Q. What does it mean to say 'knowledge cutoffs are pretraining cutoffs'?

The cutoff date a chat assistant cites for its knowledge is the date the pretraining corpus was sampled. Tuning happens later but adds little new factual material; the model knows what the open web knew at pretraining time. (Some assistants can also use live-web tools at inference, but that is a tool, not a change to the model’s brain.)

Q. Why do hallucinations usually trace to pretraining, not the chat layer?

When a model invents a plausible-sounding citation, conflates two similar people, or asserts a wrong fact with confidence, the cause is almost always that pretraining learned the statistical shape of “things that look like this” without learning the specific fact. Tuning improves how the model talks; it cannot retroactively add facts the pretraining corpus did not contain.
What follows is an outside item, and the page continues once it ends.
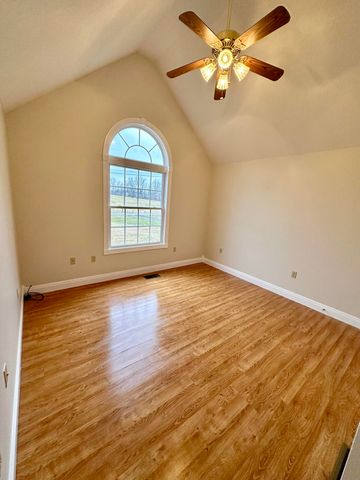 260 KY Hwy 643, Waynesburg, KY 40489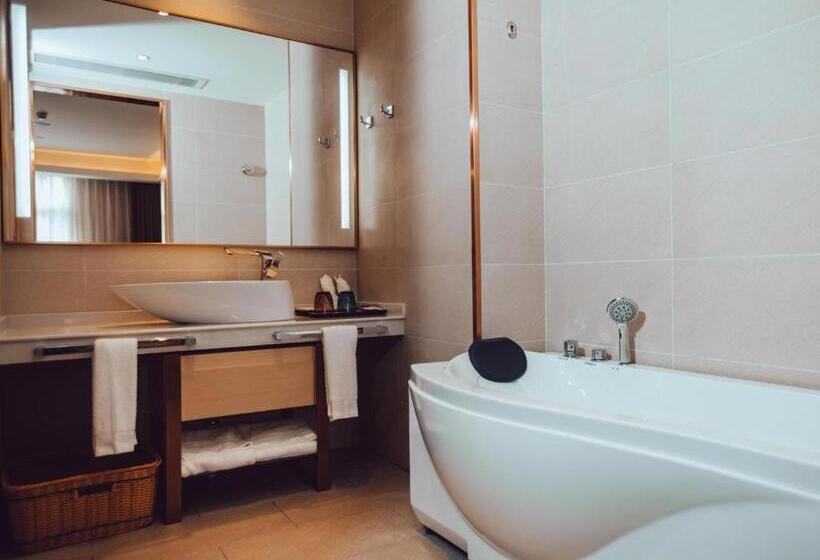 Lavande Hotel Suzhou High Speed Rail North Station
Q. Pitfall: are all language models pretrained by predicting the next token?

No. Decoder-only models use next-token prediction (the dominant recipe today). BERT-family encoder-only models use masked language modeling. T5-family encoder-decoder models use span corruption. The recipe varies with the architecture family. Always read for which family before assuming.

Q. What is the one-sentence takeaway?

Pretraining is one objective: predict the next token. Repeated billions of times across the open internet. Everything else, tuning and alignment and reasoning, is built on top.

Pretraining is one objective: predict the next token.
Repeated billions of times across the open internet.
Everything else, tuning and alignment and reasoning, is built on top.